Partial Derivative of $(b-1) \ln(1-x^a)$ with respect to $a$

Question

What is the derivative of $(b-1)\ln(1-x^a)$ with respect to $a$?

I found that answer will be $\frac{-(b-1) x^a\ln(x)}{1-x^a}$.

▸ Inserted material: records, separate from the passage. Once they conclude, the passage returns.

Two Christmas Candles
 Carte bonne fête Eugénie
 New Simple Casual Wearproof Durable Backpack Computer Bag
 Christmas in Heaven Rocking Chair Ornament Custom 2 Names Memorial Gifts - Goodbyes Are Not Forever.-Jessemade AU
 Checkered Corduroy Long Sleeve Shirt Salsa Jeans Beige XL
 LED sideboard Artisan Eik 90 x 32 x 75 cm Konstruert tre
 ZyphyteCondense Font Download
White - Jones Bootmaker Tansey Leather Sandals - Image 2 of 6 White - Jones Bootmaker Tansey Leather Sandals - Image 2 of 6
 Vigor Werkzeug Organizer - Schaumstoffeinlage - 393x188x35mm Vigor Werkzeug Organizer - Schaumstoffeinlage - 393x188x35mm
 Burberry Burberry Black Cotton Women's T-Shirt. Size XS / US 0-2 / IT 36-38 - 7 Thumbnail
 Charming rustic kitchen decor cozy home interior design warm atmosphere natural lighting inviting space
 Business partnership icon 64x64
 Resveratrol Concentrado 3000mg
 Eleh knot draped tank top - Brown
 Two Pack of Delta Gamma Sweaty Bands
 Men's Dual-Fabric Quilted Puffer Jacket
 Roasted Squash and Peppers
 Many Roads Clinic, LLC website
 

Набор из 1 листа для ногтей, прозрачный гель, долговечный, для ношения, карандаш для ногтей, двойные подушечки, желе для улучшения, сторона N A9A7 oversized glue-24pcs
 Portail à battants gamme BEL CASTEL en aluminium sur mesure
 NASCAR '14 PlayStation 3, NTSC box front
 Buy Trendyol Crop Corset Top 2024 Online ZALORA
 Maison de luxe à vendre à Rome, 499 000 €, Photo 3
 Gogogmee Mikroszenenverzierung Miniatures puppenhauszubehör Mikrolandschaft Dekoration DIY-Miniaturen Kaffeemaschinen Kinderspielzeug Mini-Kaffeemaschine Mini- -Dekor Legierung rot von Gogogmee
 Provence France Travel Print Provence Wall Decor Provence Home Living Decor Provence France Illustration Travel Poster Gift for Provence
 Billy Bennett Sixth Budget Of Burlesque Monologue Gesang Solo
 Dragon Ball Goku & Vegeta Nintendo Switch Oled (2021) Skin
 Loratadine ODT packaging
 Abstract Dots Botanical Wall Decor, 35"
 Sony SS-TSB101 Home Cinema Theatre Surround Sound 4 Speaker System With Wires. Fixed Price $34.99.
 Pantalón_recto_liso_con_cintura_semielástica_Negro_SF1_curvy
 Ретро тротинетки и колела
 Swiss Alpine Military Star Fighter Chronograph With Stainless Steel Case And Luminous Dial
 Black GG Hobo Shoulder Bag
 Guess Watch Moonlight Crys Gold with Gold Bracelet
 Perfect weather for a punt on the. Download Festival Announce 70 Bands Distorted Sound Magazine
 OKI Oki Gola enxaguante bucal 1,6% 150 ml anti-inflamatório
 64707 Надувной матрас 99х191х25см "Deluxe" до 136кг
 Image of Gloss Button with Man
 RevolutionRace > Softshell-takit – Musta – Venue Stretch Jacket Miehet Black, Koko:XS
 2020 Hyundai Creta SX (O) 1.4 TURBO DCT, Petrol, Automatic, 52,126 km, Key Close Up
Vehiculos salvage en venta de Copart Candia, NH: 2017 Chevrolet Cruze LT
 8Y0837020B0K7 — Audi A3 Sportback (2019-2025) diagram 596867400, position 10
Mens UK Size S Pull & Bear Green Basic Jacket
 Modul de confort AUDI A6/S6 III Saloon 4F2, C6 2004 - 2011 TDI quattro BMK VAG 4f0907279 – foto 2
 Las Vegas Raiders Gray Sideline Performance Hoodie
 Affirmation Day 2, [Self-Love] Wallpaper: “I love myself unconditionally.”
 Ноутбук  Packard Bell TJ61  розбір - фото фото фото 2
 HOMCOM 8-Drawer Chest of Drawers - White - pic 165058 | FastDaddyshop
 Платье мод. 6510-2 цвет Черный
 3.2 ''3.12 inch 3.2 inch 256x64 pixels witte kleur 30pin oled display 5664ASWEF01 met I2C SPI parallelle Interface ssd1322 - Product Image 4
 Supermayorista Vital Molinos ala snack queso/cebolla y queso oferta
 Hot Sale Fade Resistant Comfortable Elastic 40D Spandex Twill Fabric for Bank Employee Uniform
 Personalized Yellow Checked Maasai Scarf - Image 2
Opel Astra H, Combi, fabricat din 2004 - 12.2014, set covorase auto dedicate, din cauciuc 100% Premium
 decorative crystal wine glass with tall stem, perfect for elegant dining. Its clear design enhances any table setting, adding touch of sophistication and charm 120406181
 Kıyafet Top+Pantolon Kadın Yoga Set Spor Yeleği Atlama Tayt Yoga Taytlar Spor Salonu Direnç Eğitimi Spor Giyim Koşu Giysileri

But I do not understand why there is $\ln x$ in the partial derivation.

Please help.

Answer 1

We can easily differentiate until this point: $$\frac\partial{\partial a}(b-1)\ln(1-x^a)=(b-1)\cdot\frac1{1-x^a}\cdot\frac\partial{\partial a}(1-x^a)$$ But what is the last term? We rewrite $x^a=e^{a\ln x}$, which differentiates to $e^{a\ln x}\ln x=x^a\ln x$, and this is where $\ln x$ comes from.

Answer 2

$f(a) =(b-1)\ln(1-x^{a})$, then $f(a) = (b-1)\ln(1-e^{a\ln(x)})$

Well $e^{a\ln(x)} = (e^{\ln(x)})^{a} = x^{a}$, then $( x^{a})' = (e^{a\ln(x)})' = ln(x)e^{a\ln(x)}=\ln(x)x^{a}$

So $f'(a) = (b-1) \frac{-\ln(x)x^{a}}{1-x^{a}}$